Farming Better, Increasing Incomes in Malawi
Imagine finding all your grocery store shelves empty and then learning they’d stay empty for at least a year and that all your world’s food-growing knowledge no longer worked. If you can imagine that, you can imagine being a farmer in this region of Malawi.
Farmers maintaining a stone wall in the watershed area of Kublang, Chikwawa, Malawi.
Photo by Dooshima Tsee/CRS
Water drains quickly from the soil here. The land has many slopes and is prone to erosion. Plants can struggle to receive enough water to grow. In southern Malawi, there has been a shift in climate over the last few decades. In any given year, farmers in this region are at risk of losing their harvest to floods, droughts, or both.
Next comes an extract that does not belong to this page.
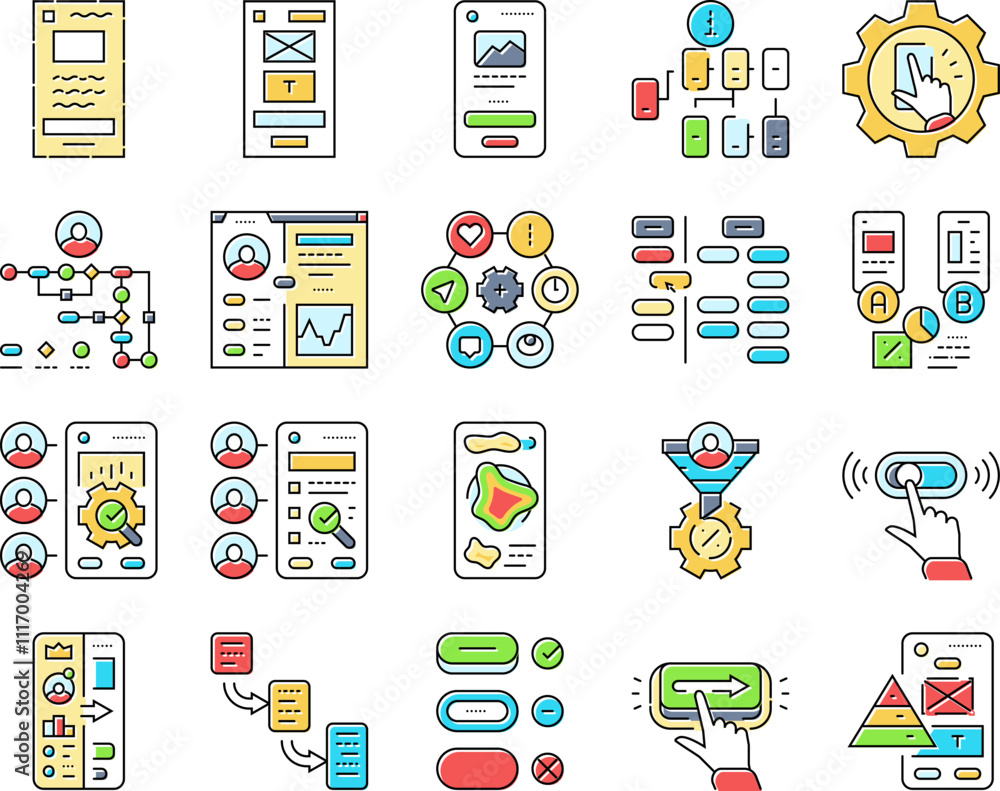 Aufkleber ui ux design agency user develop icons set vector. phone button, marketing website, web app, mobile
Fransiku Sande is a 41-year-old farmer in Mchacha village in southern Malawi. His parents were farmers and their parents before them. Fransiku learned all he knew about farming from his father. He inherited a two-acre plot of land when he was 18 years old and has planted sorghum, corn, and groundnuts on his farm since then. Changing weather patterns and poorer soil fertility in the last decade saw Fransiku’s farm began to produce smaller harvests each year despite the increasing effort he put into farming.
Five years ago, the harvest had dwindled to the point where all of the food Fransiku harvested at the end of the planting season was only enough to feed his family of six for two months of the year. For the rest of the year, he found odd jobs like carpentry and bricklaying to earn money to feed his family.
“The two biggest issues we had were that we were using local crop varieties that took a long time to mature and did not yield much. Also, for long periods, there will be no rains; then when the rains come it floods and destroys the crops.” Fransiku says.
Outsmarting climate change
Fransiku Sande on his demonstration plot in Mchacha, Nsanje, Malawi.
Photo by Michael Stulman/CRS
The UBALE project taught farmers like Fransiku how to use simple farming methods to improve their harvest. Catholic Relief Services implemented the UBALE project with funding from the United States Agency for International Development (USAID) through its Food for Peace office.
Catholic Relief Services partnered with the Malawi Ministry of Agriculture in three districts in Malawi to teach rural small-scale farmers, like Fransiku, simple conservation agriculture methods. The project also provided farmers with improved, high-yield, drought tolerate seeds to plant.
These methods have made a big difference in their harvests and income.
Some of the climate-smart farming methods farmers were taught are; planting legumes like groundnut and beans to improve the fertility of the soil, mulching crops to help retain moisture in the soil.
Fransiku says, “These methods not only improved my harvest, they also save me time and effort. For instance, because I mulch my farm, I do not have to weed as often. When I talk to other farmers, I explain the benefits of the new farming methods I use.”
Now that he uses these new methods and has access to improved seed, Fransiku’s farm yields enough food to feed his family for ten months. The larger crop yields Fransiku gets from his farm is the biggest incentive other farmers in his community have to learn and adapt these new farming methods. Fransiku used the strategies he was taught so well that he was selected to be a lead farmer. Lead farmers receive additional training so they can teach more farmers in their community how to use effective strategies to grow their farms.
CRS also worked with community leaders through the UBALE project to ensure the whole community participates in water harvesting methods. Farmers built dams, stone walls, and other structures to help the land hold rainwater and recharge the groundwater levels.
Collaborative marketing to increase income
Farmers discuss market trends and farming practices during a farmer club meeting.
Photo by Michael Stulman/CRS
As farmers harvest more crops, field agents helped them form farmer clubs that meet every month to discuss farming methods and market prices. These farmers work together to get the best prices for their produce.
“I decided to join the marketing club because I noticed that some of the farmers in the club made more money and knew more about market trends,” says Andrew Mpaso a sesame and corn farmer in Malawi. Last season Andrew sold his sesame and corn collectively with other members of the club. He made 65% more money than if he had sold the produce on his own. Andrew and his family used the extra money to pay school fees, start other businesses such as rearing livestock, buy more nutritious food, and save.
In Malawi, the CRS-led UBALE project, with funding from USAID Food for Peace, helped over 240,000 families produce more abundant harvests and increase income from agriculture.